Fe 3+ iyonları için bir başka yüksek kaliteli reaktif potasyum hekzasiyanoferrat(II) K 4 (sarı kan tuzu). Fe 3+ ve 4− iyonları etkileştiğinde parlak mavi bir çökelti oluşur Prusya mavisi:

    Demir(VI) bileşikleri

ferratlar- serbest formda olmayan demir asidi H2 FeO 4 tuzları. Bunlar, oksitleyici özelliklerde permanganatları ve çözünürlükte sülfatları andıran menekşe renkli bileşiklerdir. Ferratlar, gaz halindeki etkiyle elde edilir. klor veya ozon alkali içinde bir Fe (OH) 3 süspansiyonu üzerinde , örneğin, potasyum ferrat(VI) K 2 FeO 4 . Ferratlar mor renklidir.

Ferratlar da elde edilebilir elektroliz Demir anotta %30 alkali çözelti:

Ferratlar güçlü oksitleyici ajanlardır.
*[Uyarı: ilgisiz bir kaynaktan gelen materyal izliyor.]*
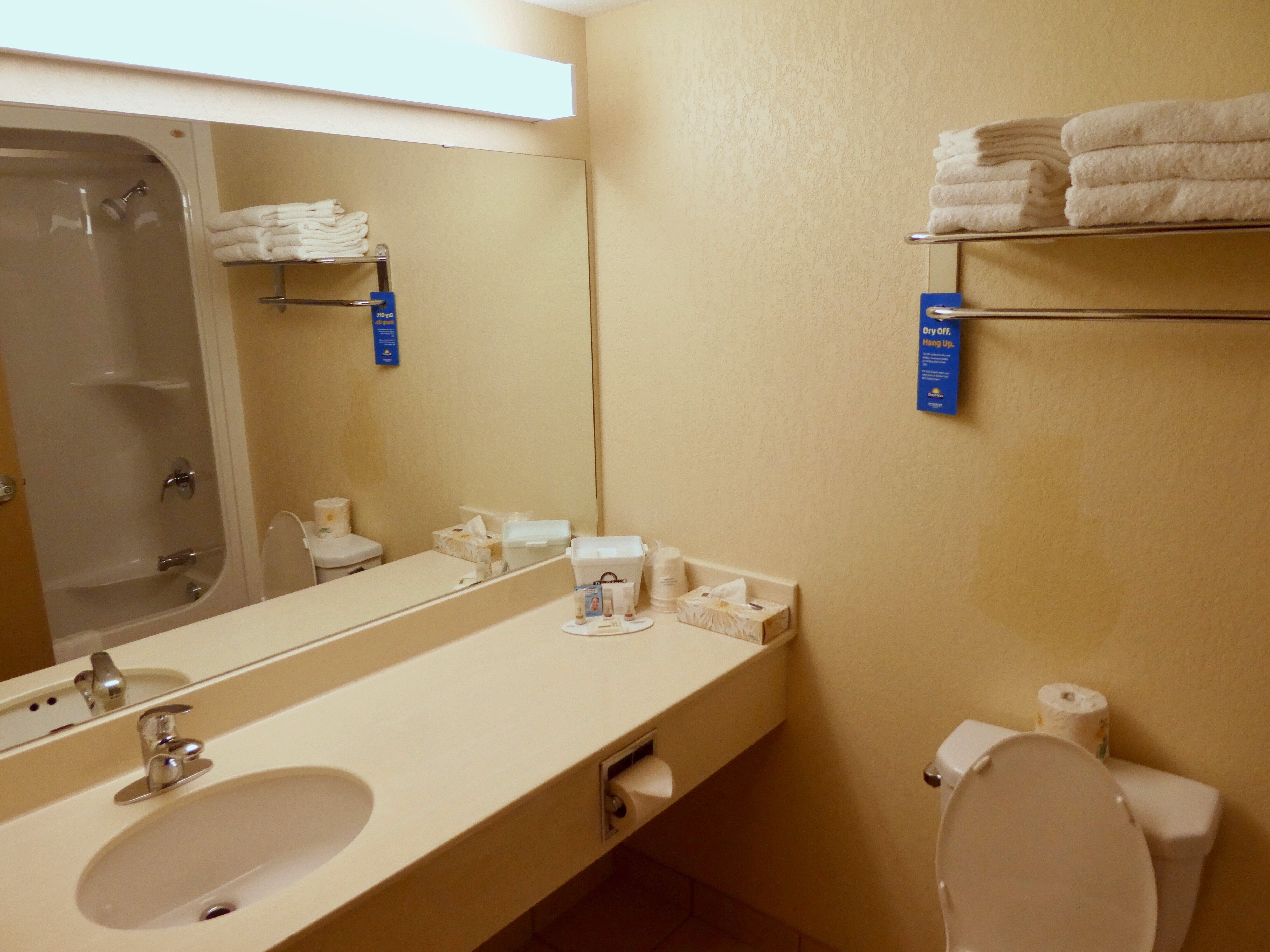 Days Inn & Suites by Wyndham Thompson-浴室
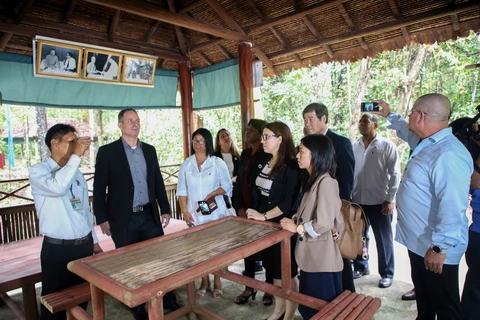 Đoàn công tác thăm nơi ở và làm việc của Đại sứ Cộng hoà Cuba tại Khu di tích căn cứ Chính phủ Cách mạng lâm thời Cộng hòa miền Nam Việt Nam. (Ảnh: Giang Phương/TTXVN)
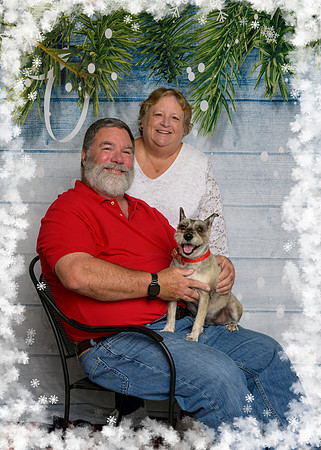 Skip and Jane Loman with Molly-_MAK8639-Edit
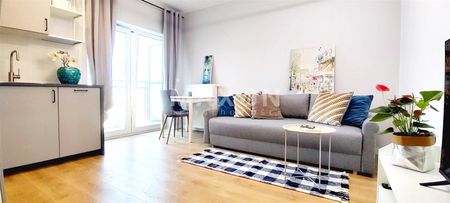 Kawalerka przy porcie zamieszkaj. - Zdjęcie 3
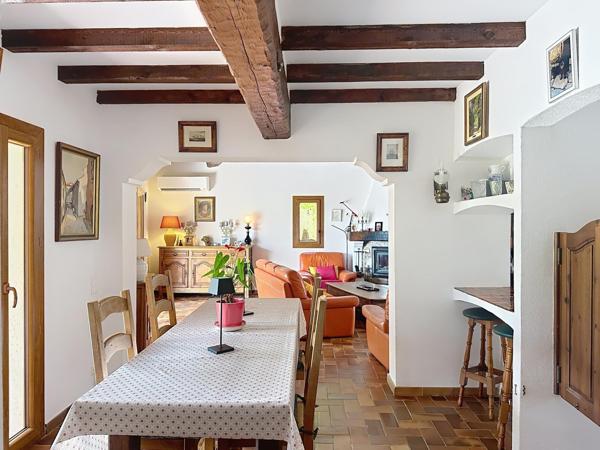 A vendre : Propriété 7 pièces avec piscine, véranda et jardin arboré – Fort potentiel - Bandol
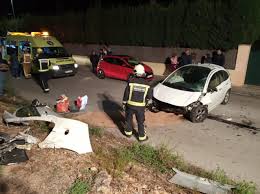Accident cumplit în satul petrești, ungheni. Accidente En Mallorca 3 Heridos Graves En Una Colision En Palmanyola
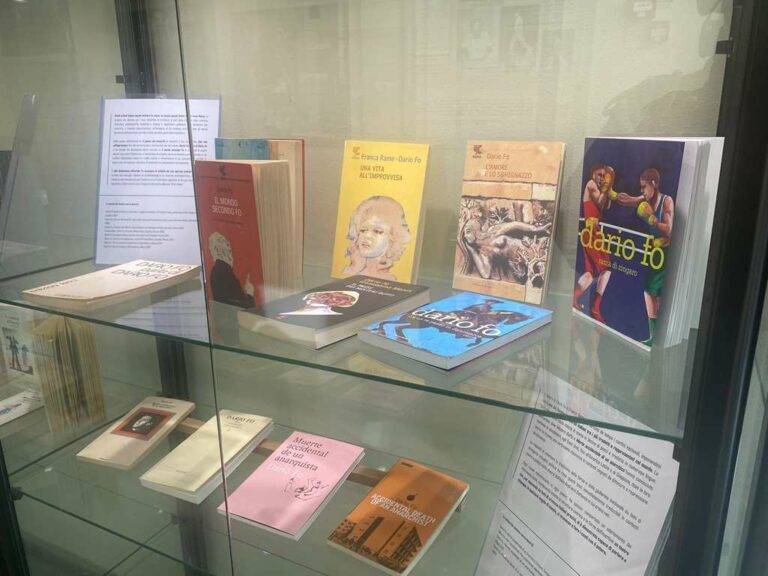 Prato ricorda Dario Fo con una mostra fotografica nel suo centenario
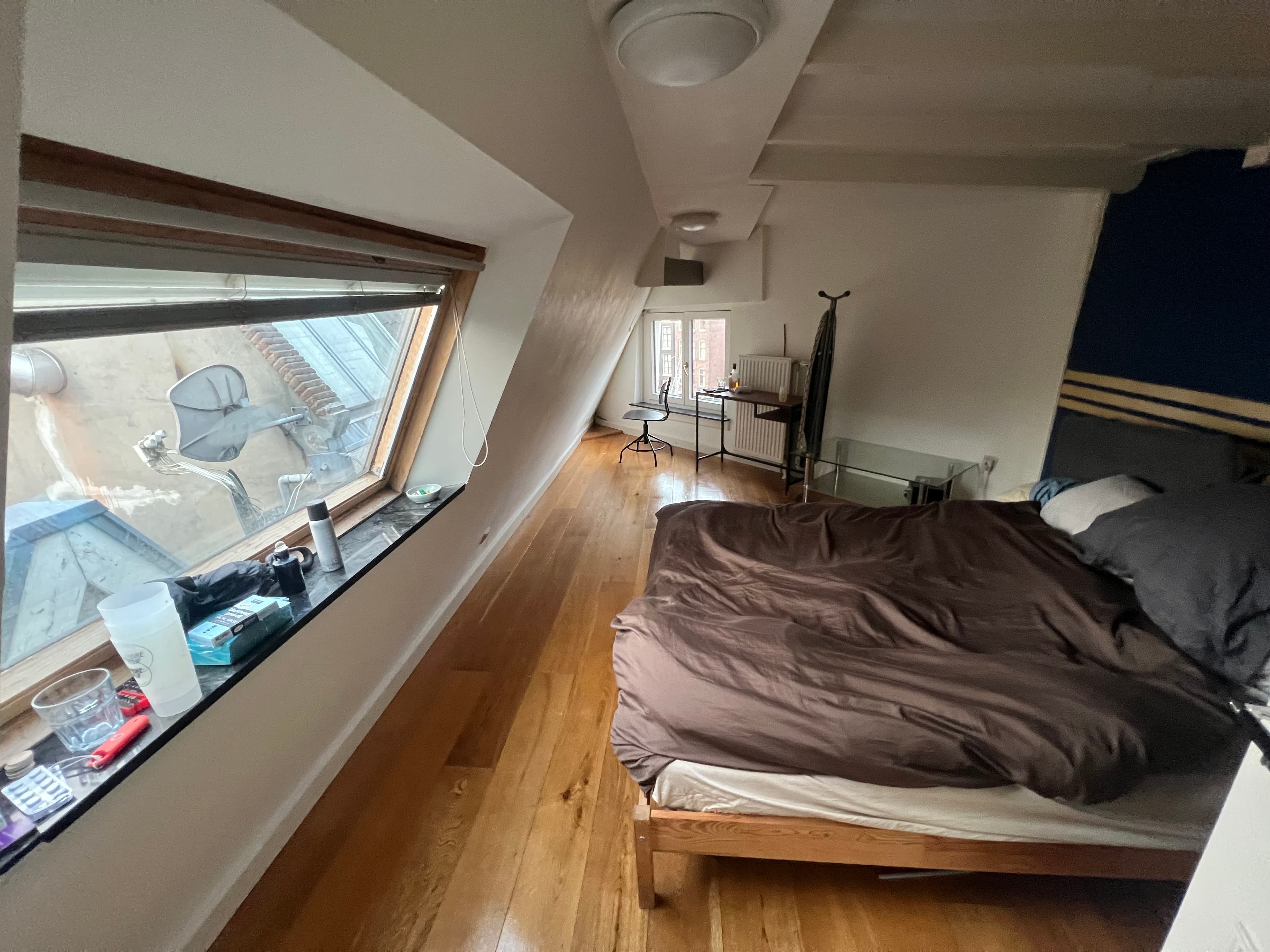 show all photos of Nieuwezijds Voorburgwal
Asidik bir ortamda, oksijen salınımı ile ayrışırlar:

Ferratların oksitleyici özellikleri, su dezenfeksiyonu.

4.Biorol

1) Canlı organizmalarda demir, oksijen değişimi (solunum) süreçlerini katalize eden önemli bir eser elementtir.

2) Demir genellikle enzimlerde kompleks halinde bulunur.Özellikle bu kompleks insan ve hayvanların tüm organlarına kanla oksijen taşınmasını sağlayan en önemli protein olan hemoglobinde bulunur. Ve kanı karakteristik bir kırmızı renkte lekeleyen odur.

4) Aşırı dozda demir (200 mg ve üzeri) toksik etki yapabilir. Aşırı dozda demir, vücudun antioksidan sistemini baskılar, bu nedenle sağlıklı insanlar için demir preparatlarının kullanılması önerilmez.



Bir hata bulursanız, lütfen bir metin parçası seçin ve Ctrl+Enter tuşlarına basın.